TAXI幻夢譚 ~ストレンジ・ワールド ACT.2~

1997

『TAXI幻夢譚 ~ストレンジ・ワールド ACT.2~』は1997年にPC98用として、ソルシエールから発売されました。

タクシーの中から様々に展開されるストーリー。
ソルシエールの代表作と呼べる作品でしたね。

<概要>

ゲームジャンルはノベル系ADVになります。

タイトルからも想像つくかと思いますが、主人公の初期設定はタクシーの運転手です。
開始直後にどのような乗客が望みなのかという選択肢があらわれ、以後は選択肢を選ぶことで物語が無数に分岐していきます。

<感想>

ジャンルはノベル系のADVなのですが、近年のノベルゲー様に、誰か特定のヒロインの物語を読むとか、数本のシナリオのどれかを読ませるという作りではありません。
『河原崎家の一族』に代表されるような、主人公の選択次第でどんどん枝分かれしていくタイプになります。

タクシーに端を発する様々なストーリー。
それは時に恋愛であり、SFであり、ホラーであり、そしてサスペンスでもあるわけで、まさに幻夢譚と言うのが相応しいのでしょう。

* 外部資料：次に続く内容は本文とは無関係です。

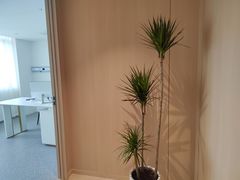 -柏乐口腔(南宁总院)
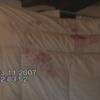 Significant blood transfer on the duvet shows that Meredith was covered when the blood was still wet, not hours later as claimed by the prosecution. This evidence refutes the staging claim.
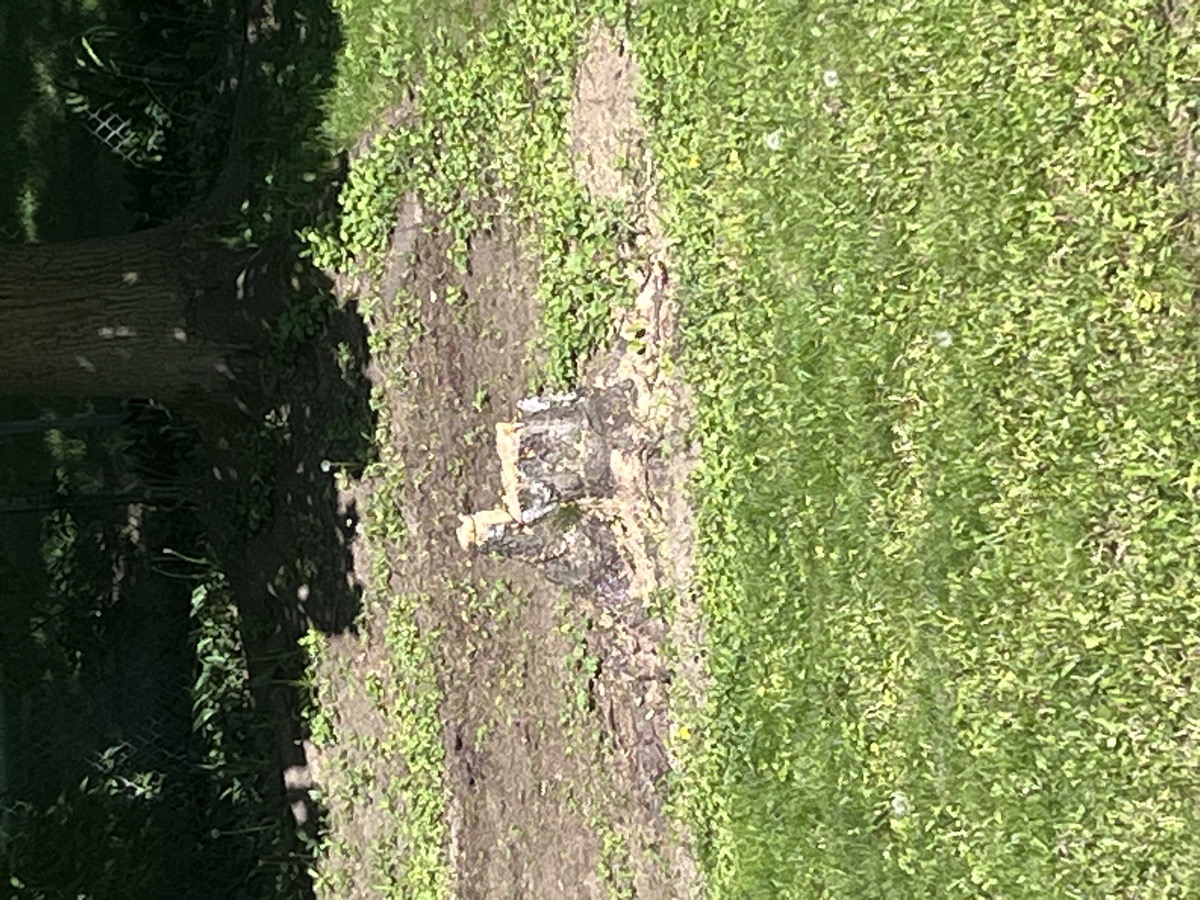 yard maintenance and home renovations — Carl Schaub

どんどん枝分かれしていくというシステムも98末期っぽいですが、様々なジャンルがごっちゃに混ざっているのも、非常に98時代のゲームっぽい感じがしますよね。
まぁ、97年頃には逆に、少なくなってきたのでしょうが。

この作品、1つ1つのシナリオは非常に短いです。
長編小説のようなストーリーを求める人であれば、おそらく物足りなく感じてしまうでしょう。

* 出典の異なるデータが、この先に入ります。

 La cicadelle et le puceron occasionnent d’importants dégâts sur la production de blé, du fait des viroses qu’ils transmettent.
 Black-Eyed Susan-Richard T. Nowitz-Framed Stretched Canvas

でも、そのかわりにEDだけでも42種という、非常に多彩な展開の幅を持っていました。
しかも上記のようにジャンルも豊富で、次に何が来るか分からないって感じでしたからね。
イメージとしては、ショートショートの小説を楽しむようなものでしょうか。
1プレイはさくっと終わるからだれることもないし、時間がないときでも一通りの起承転結を味わえます。
それに加え、次はどんなのが来るんだろうって楽しみもあるわけで、とても雰囲気が良かったですね。

雰囲気・・・
そうですね、たぶんこのゲームの魅力を端的に言うならば、雰囲気の良さなのでしょう。
多数のジャンルが入り混じった作品というのは、下手すると纏まりのない単なる寄せ集めに見えてしまう恐れがあります。
それを絶妙なバランスで纏め上げ、1つの作品に仕立て上げているわけで、その纏まりの良さが雰囲気の良さに感じるのでしょうね。

<評価>

まぁ、如何せん1つ1つのシナリオは小粒ですからね、プレイ当初はそれ程良いとは思えなかったりもします。
当時の私は、重厚長大な方が凄いみたいな錯覚もまだ残っていましたから。
今は再評価して良作としていますが、直後の評価だったら佳作程度ってところだったでしょうね。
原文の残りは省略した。